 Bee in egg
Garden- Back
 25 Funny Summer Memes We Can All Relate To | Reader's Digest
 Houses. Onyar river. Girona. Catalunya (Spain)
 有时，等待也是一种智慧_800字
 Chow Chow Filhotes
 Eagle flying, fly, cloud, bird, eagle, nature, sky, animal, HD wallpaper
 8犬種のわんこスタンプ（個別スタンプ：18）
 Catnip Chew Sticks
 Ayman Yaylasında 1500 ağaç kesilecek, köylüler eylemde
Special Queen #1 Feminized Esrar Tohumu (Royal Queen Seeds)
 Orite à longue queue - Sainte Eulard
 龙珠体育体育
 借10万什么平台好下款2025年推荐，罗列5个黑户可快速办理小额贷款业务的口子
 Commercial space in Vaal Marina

******

Repeat the entire listing exactly.

 Bee in egg
Garden- Back
 25 Funny Summer Memes We Can All Relate To | Reader's Digest
 Houses. Onyar river. Girona. Catalunya (Spain)
 有时，等待也是一种智慧_800字
 Chow Chow Filhotes
 Eagle flying, fly, cloud, bird, eagle, nature, sky, animal, HD wallpaper
 8犬種のわんこスタンプ（個別スタンプ：18）
 Catnip Chew Sticks
 Ayman Yaylasında 1500 ağaç kesilecek, köylüler eylemde
Special Queen #1 Feminized Esrar Tohumu (Royal Queen Seeds)
 Orite à longue queue - Sainte Eulard
 龙珠体育体育
 借10万什么平台好下款2025年推荐，罗列5个黑户可快速办理小额贷款业务的口子
 Commercial space in Vaal Marina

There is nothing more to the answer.